Cynthia Villar’s dream: One livelihood project in every town
John A. Magsaysay (The Philippine Star) - April 30, 2016 - 10:00am

MANILA, Philippines – I was born to a mother and a grandmother who were both hardworking, who were all breadwinners of the family,” recalls Senator Cynthia Villar on her seven-hectare Villar SIPAG Farm in Barangay San Nicolas Dos, Las Piñas City. Raised by a grandmother who sold betel nut at the local palengke and a public school teacher mom, the senator is not only the strong woman behind her real-estate developer and public servant husband; more recently, she’s at the frontline of national development. 

“I know that being a senator is legislative work. But in addition to lawmaking, I want to create practical projects that can help the country,” Sen. Villar notes. In 1995, she founded the Villar Social Institute of Poverty Alleviation and Governance (Villar SIPAG), a non-stock, non-profit foundation built to complement the entrepreneurial and agricultural development measures she and her husband Manny have introduced in Congress. 

“We have three major advocacies: helping OFWs, environmental protection and of course creating livelihood opportunities to reduce poverty,” she explains.

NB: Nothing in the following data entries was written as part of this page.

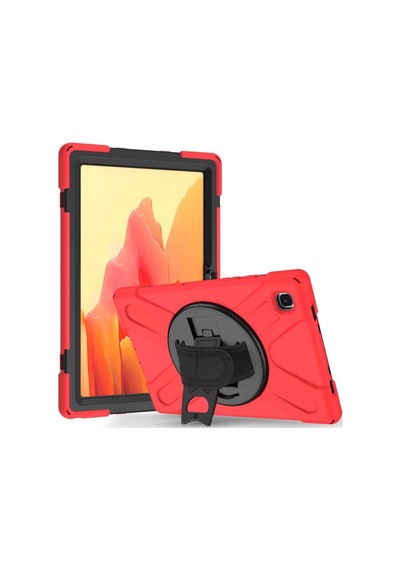 Samsung Galaxy T220 Tab A7 Lite 8.7 Kılıf Amazing Tablet Kapak - Kırmızı Bant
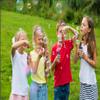 Bubble Gun Refill Solution Bottles (12 Pack of 2oz Bottles) Compatible with Most Bubble Shooter Guns Safe and Non-Toxic, Wand Not Included, Colors May Vary view 2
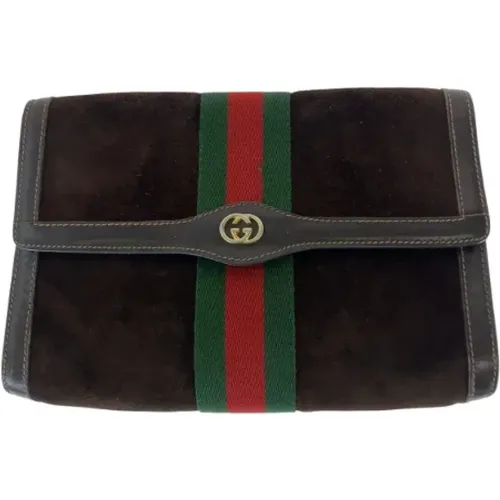 Pre-owned Leder clutches - Gucci Vintage - Modalova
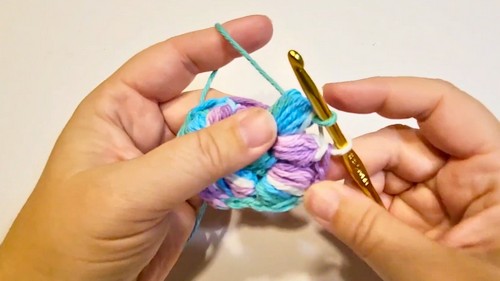 Crochet Face Scrubbie Pattern 5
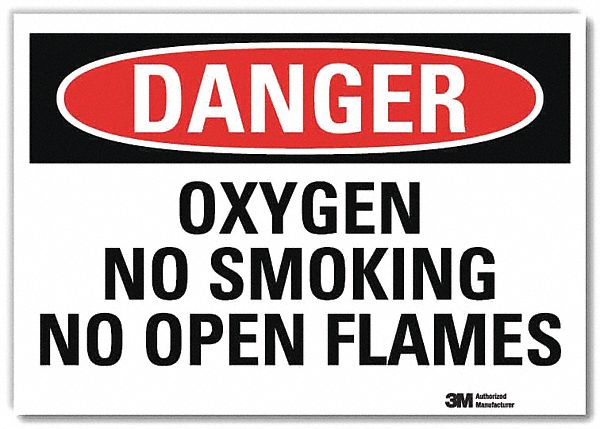 Danger Sign 7inx10in Reflective Sheeting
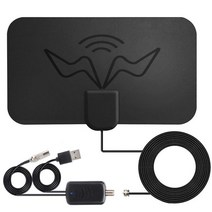 uhd안테나 tv안테나 dmbtv 라디오안테나 tv수신카드Digital TV Antenna 4K UHD High Gain DVB-T Smart Box, 한개옵션0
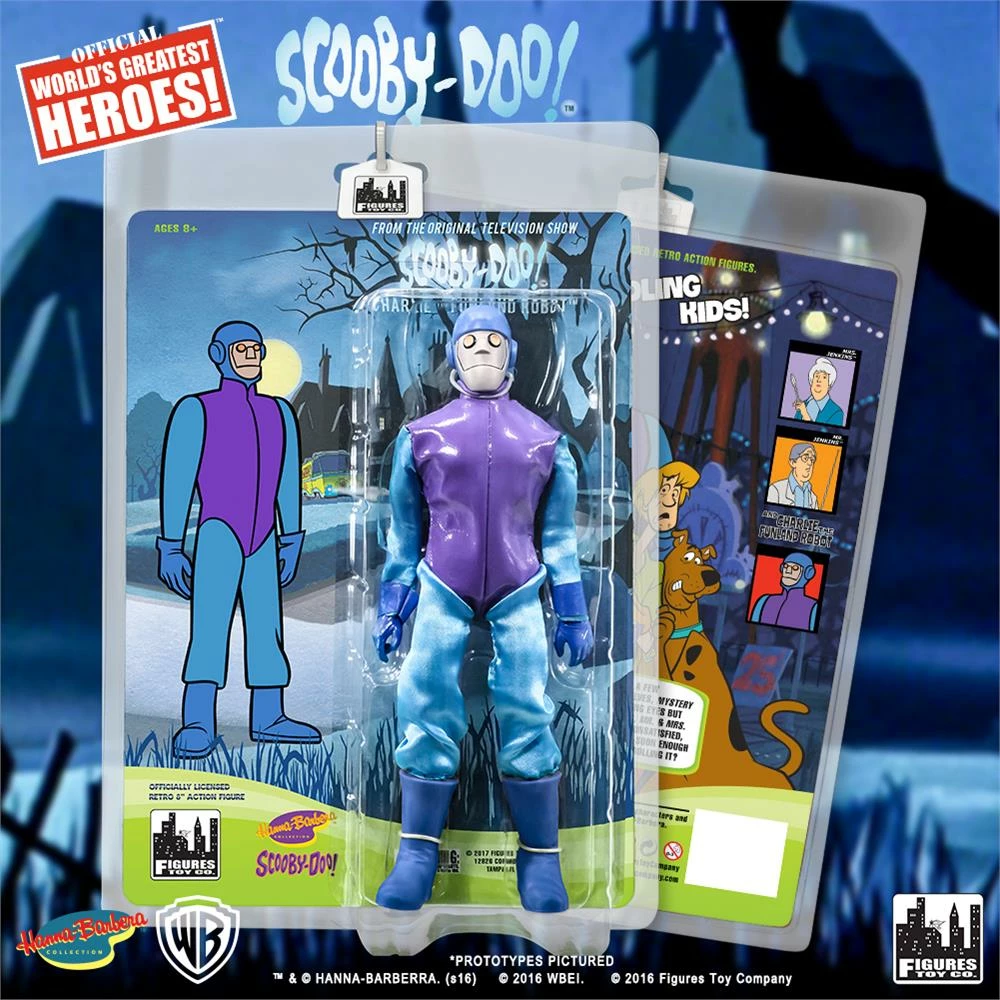 Figures Toy Company Scooby-Doo - Charlie The Robot 8" Action Figure Figures Toy Company Scooby-Doo - Charlie The Robot 8" Action Figure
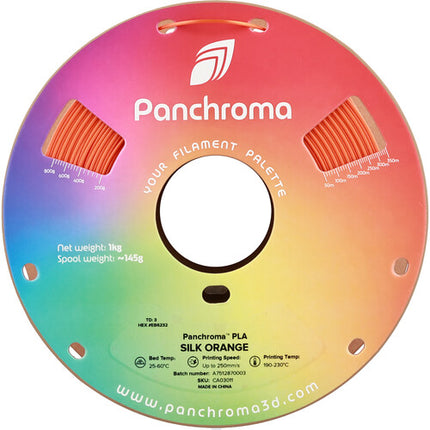 Polymaker Panchroma Silk Filamento PLA 1kg 1.75mm Naranja Seda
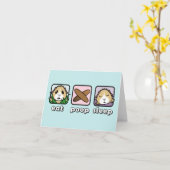 Essen Kack Sleep Guinea Grüße Karte (Gelbe Blume)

Making Success Sustainable

For well over a decade, the Villar SIPAG has established a model that defies most of the existing foundations and institutional social development practices in the country. “One of our missions is teaching the right values. If you dole out, you are not teaching the right values.”

She adds: “If we want a country with inclusive growth, we have to focus on strengthening our backyard economy” to solve the vicious cycle of poverty and dependency, starting with every household’s self-sustenance. “If you are a farmer or a fisherman, and your wife has a homebound livelihood, between the two of you, you can surpass the poverty line.”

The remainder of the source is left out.